第3回目となる今回は、1月9・10・11日に、東京近郊の各店で行われた。
陸前高田市米崎町・金野秀一さんが栽培する、同じ園地で作られたりんごが、各シェフの手によってどのようなパンになるのか。
どのパンも個性的で、そのシェフの人柄や嗜好を表わすものとなった。
ZOPF(北小金)
キャラメルりんごのデニッシュ
ラム酒の香りがまろやかで尖りなく、ひたすら鼻腔をやさしく撫で、彗星の尾のようなうつくしい余韻をたなびかせる。
使用しているのは「ロン サカパ センテナリオ 23年」。
その芳香はデニッシュの中のバター、ダマンドそして、りんごの三位一体をさらに魅力的なものに変容させる。

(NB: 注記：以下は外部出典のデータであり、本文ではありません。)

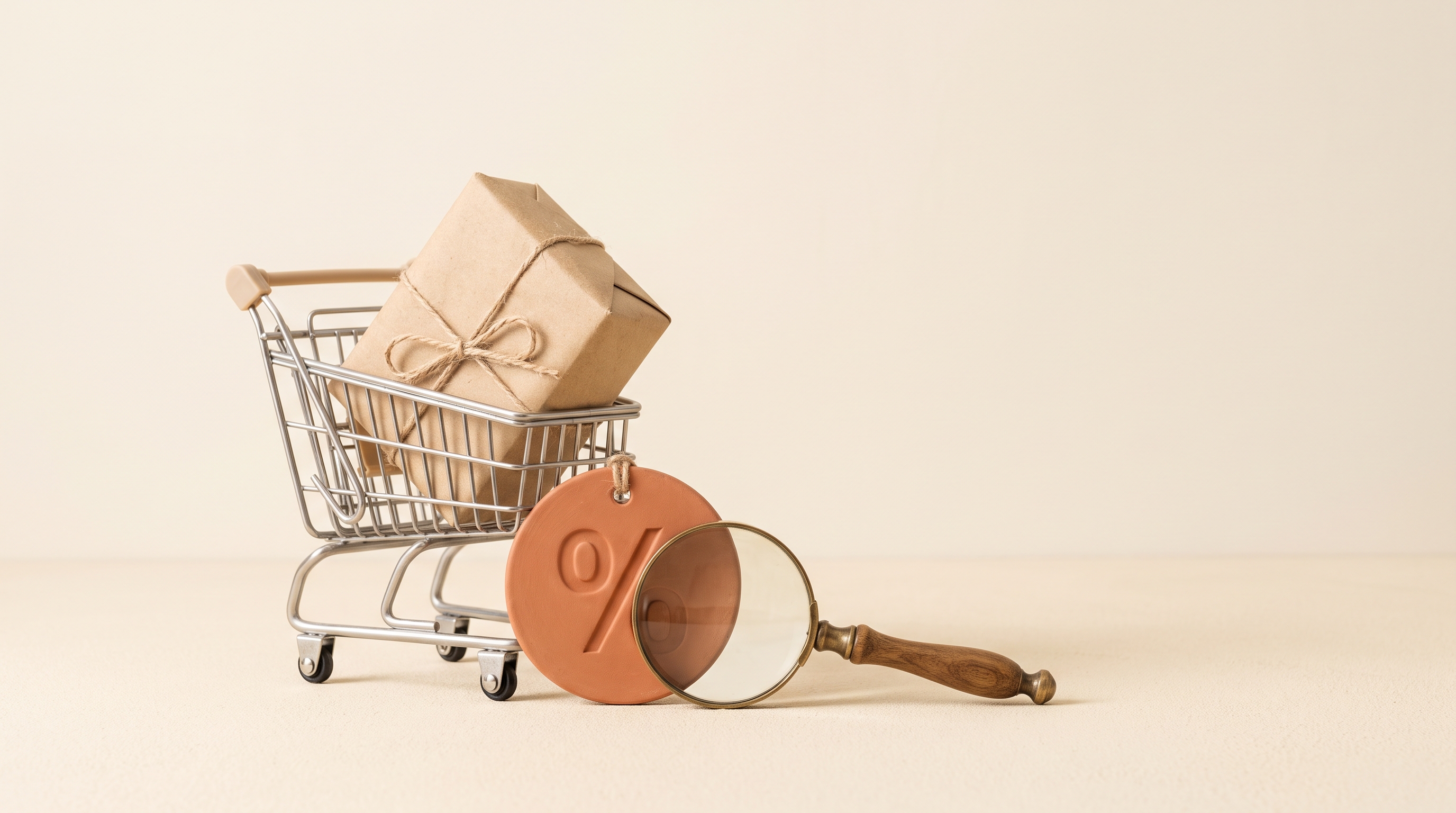 A metal shopping cart holds a kraft parcel beside a terracotta percent tag and a brass magnifying glass on a warm cream tabletop.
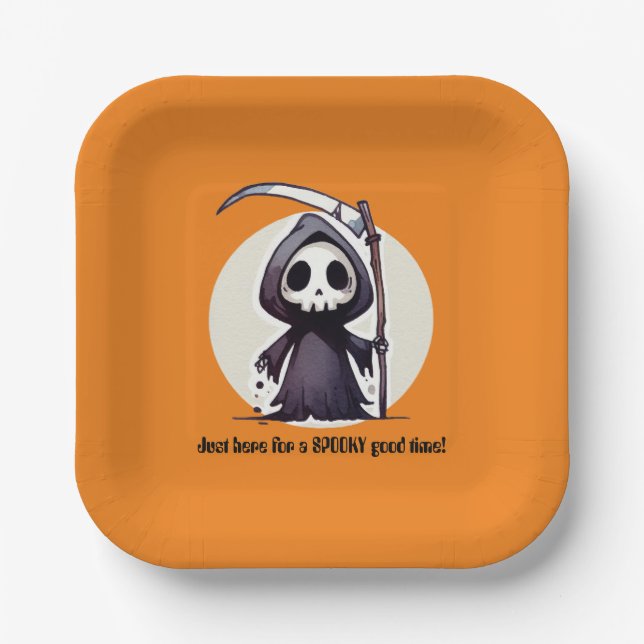Plato De Papel Grim Reaper - Personalizado (Anverso)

りんごはさくさくと鳴り、キャラメリゼすることでなお香りが活かされている。
CALVA(大船)
りんごのタルティーヌ
さくさくさくさく。
噛んでも噛んでも高い音で鳴るりんご。
バゲットの上にごろごろと置かれたたくさんのバターソテーに気分は上昇。
りんご、レーズンからほとばしる甘酸っぱい液体がバゲットを濡らす。
バゲットはこぼれでたジュースを受け止め、さらに投げ返して、りんごの香りを口の中で増幅させる。
ローゼンボア(東白楽)
りんごのデニッシュ
デニッシュの中にりんごのコンポートがたっぷり入っているのがうれしい。
さくさく鳴るデニッシュのあたたかさの中に、ひんやりと冷たいりんごが包まれている。
りんごの甘酸っぱさとバターの甘さのマリアージュは永遠の定番だと改めて思う。
ケポベーグルズ(上北沢)
焼きりんごベーグル
歯と歯のあいだでぴちぴちと気泡が弾けて音が鳴るような、元気のいいベーグルの弾力。
ときどきりんご、ときどき生地。
生地にぐるぐると巻き込まれたりんごが舌に触れると、甘酸っぱさが口の中に不意打ちのように広がる。
一方、生地だけのところを噛むあいだにもぱふぱふとふいごのように、りんごとシナモンの香気は巻き起こる。
nukumuku(中村橋)
希望のりんごとチョコチップ
バンズのような形をして、実はライ麦の甘いパン。
甘く、あまりにも濃厚なチョコチップとりんごの酸味との息が止まるほどの衝撃的な出会い。
カカオの後味とライ麦の後味もぴたり調和しあうのも素敵である。
希望のりんごと口溶けチョコレート
nukumukuもうひとつのりんごのパン。
少しジューシーさを残してりんごをドライし、そしてミルクとバターを乳化させて作ったガナッシュがパンの上に置かれる。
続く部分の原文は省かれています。